Head of Reptiles Jake Meney, said of the new arrivals “We are just stoked with the arrival of our little dinosaur look-a-likes! They are so small at the moment and can fit in the palm of my hand, it’s crazy to think that they’ll grow up to be 3-4 metres one day!”
“They hatched overnight but we were lucky to catch one of them just as he finished emerging from the egg. Today, they went for their first swim – it’s just like your baby taking its first steps, I was so proud!”
Keepers at the Australian Reptile Park “raided” the alligator nests to incubate eggs, prevent them being eaten by cannibalistic alligators and to protect them from the harsh Australian summer. In the extremely dangerous annual “Gator Raid”, three keepers restrain the female alligator while two other keepers raid the nest.
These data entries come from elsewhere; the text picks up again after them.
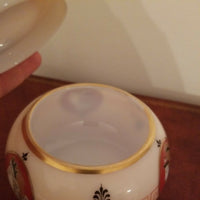 Antique Baccarat Opaline Classical Covered Bonboniere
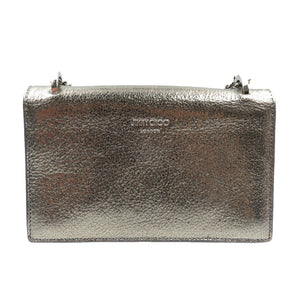 美品 ジミーチュウ レザー シルバー金具 シルバー チェーン ショルダーバッグ 0214【中古】JIMMY CHOO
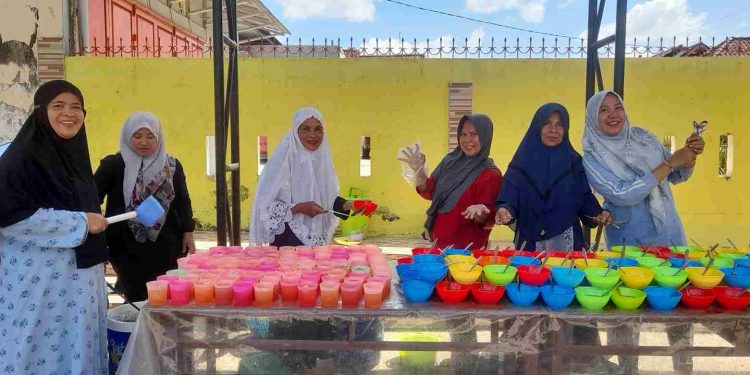 Bubur Kacang Hijau Ketan Gratis, Jamaah Masjid IKM Nurul Ikhwan Talang Kacang Berterima kasih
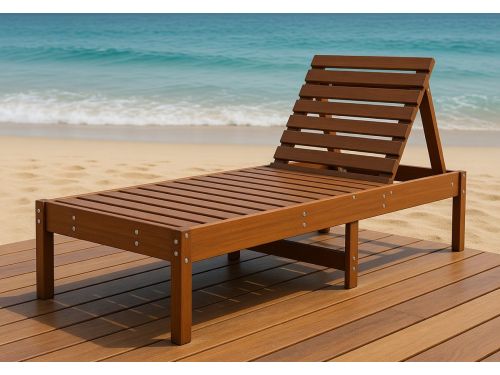 Massief Houten Ligbed met Verstelbare Rugleuning - Honingbruin Grenen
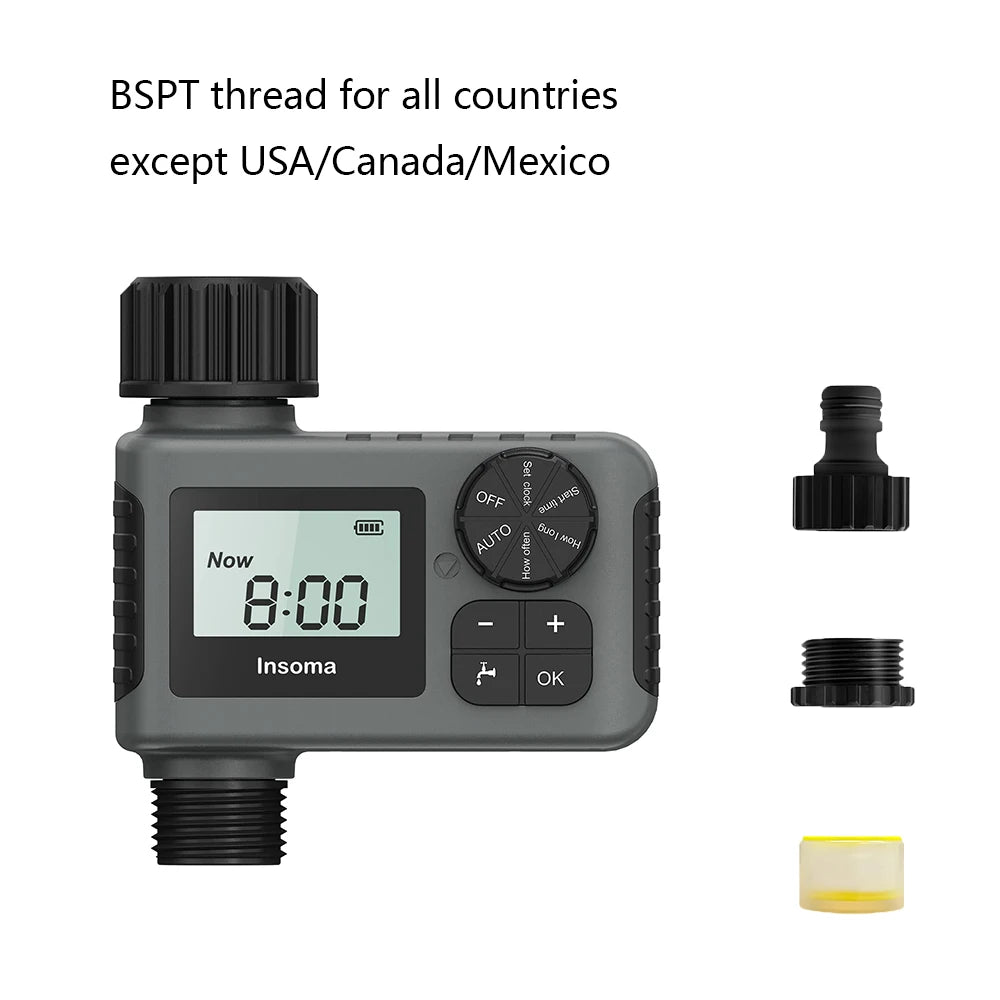 Automatic Garden Water Timer – LCD Irrigation Controller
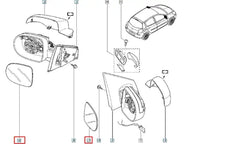 Clio Yan Ayna Camı Şema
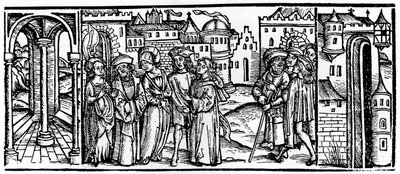 Een folio uit Boethius, Troost van Filosofie, 1910 door Johann Gruninger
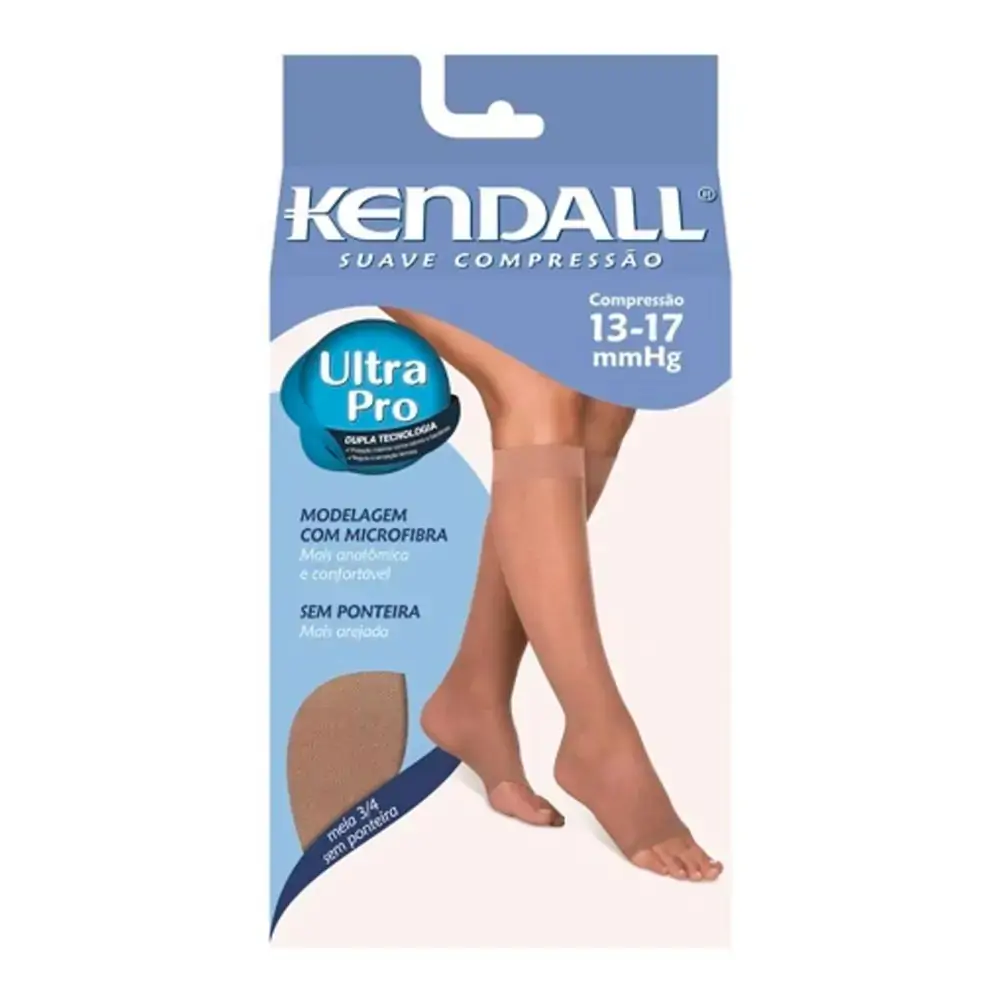 Meia 3/4 Kendall Suave Compressão sem ponteira M Mel
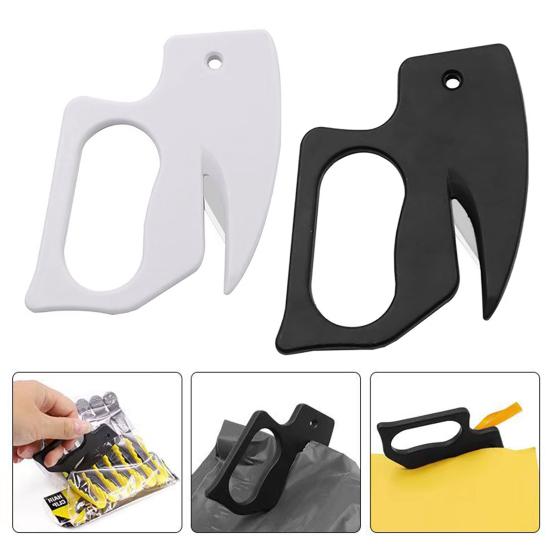 4Pcs Portable Letter Opener Safe Envelope Slitter Plastic Christmas Gift Wrapping Tool for Home And Office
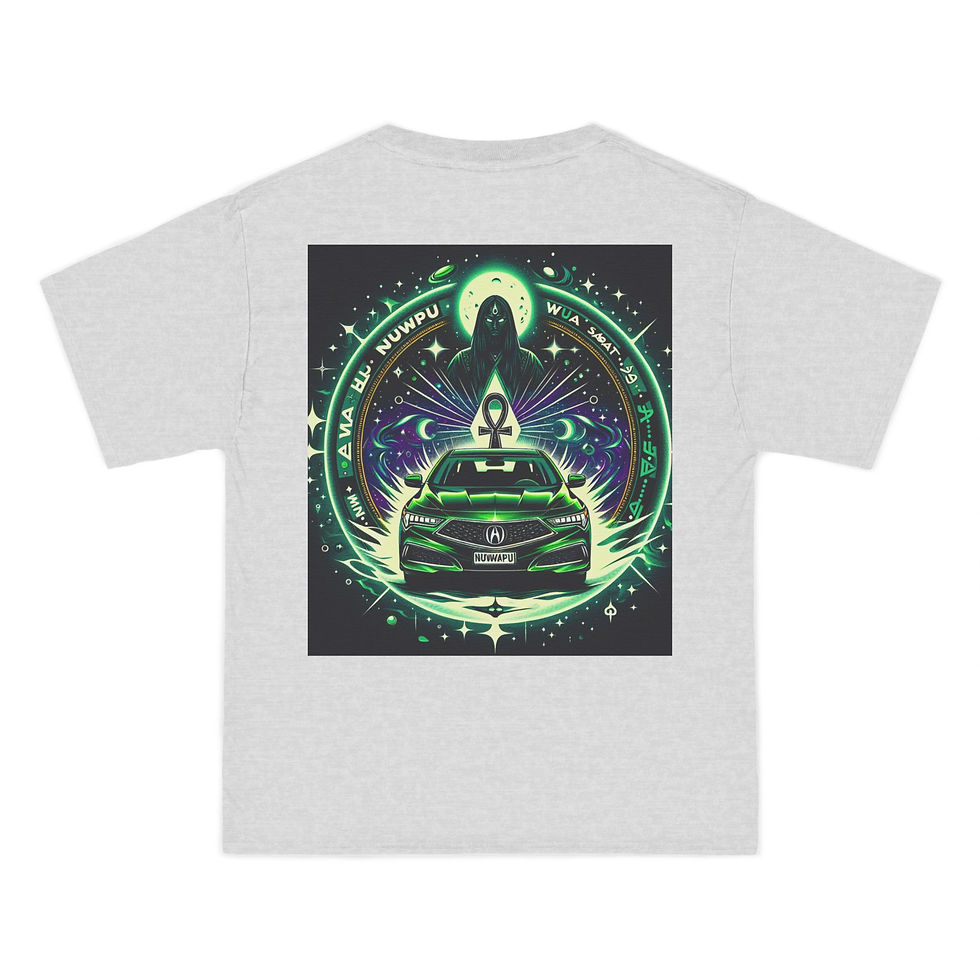 Thumbnail: Sunraze Alien Graphic T-Shirt - Short Sleeve, Futuristic Design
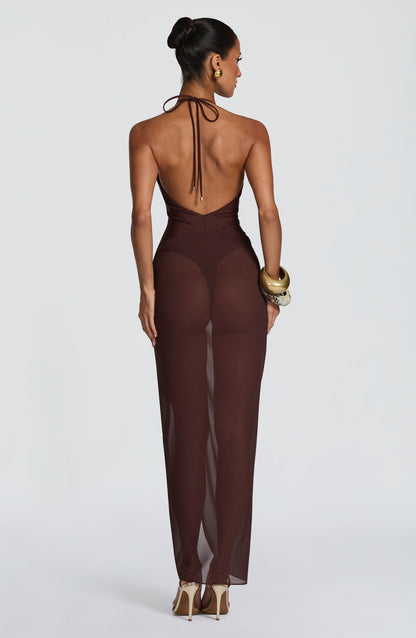 Jonelle Swimsuit in Plum Brown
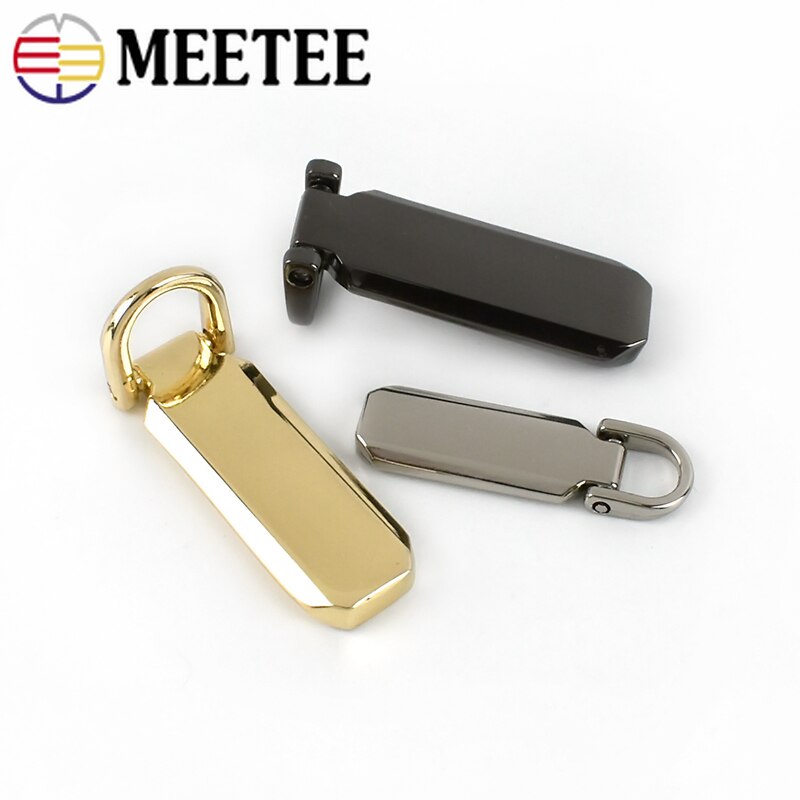 10pz estrattori per cerniere in metallo staccabili per 3 #5 # cerniere cursori linguette per cerniera lampo cerniera lampo kit di riparazione cerniere accessori hardware per cucire fai da te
Mr Meney continued “You’ll find baby alligators in The Lost World of Reptiles exhibit at the Australian Reptile Park for the upcoming holidays and they’re always one of the cutest residents when they’re on display. They will eventually be moved to our massive Gator Lagoon when they reach around 2 metres in length, which is in approximately 5 to 8 years.”
Alligators are found in the swamps and bayous of the southeastern USA. Wetland clearance and polluted drains and water are the main threats to alligators. They are also shot by humans quite frequently because they are seen as a danger; however, alligators are much more timid than crocodiles. Males are much larger than females reaching over 5 metres in length.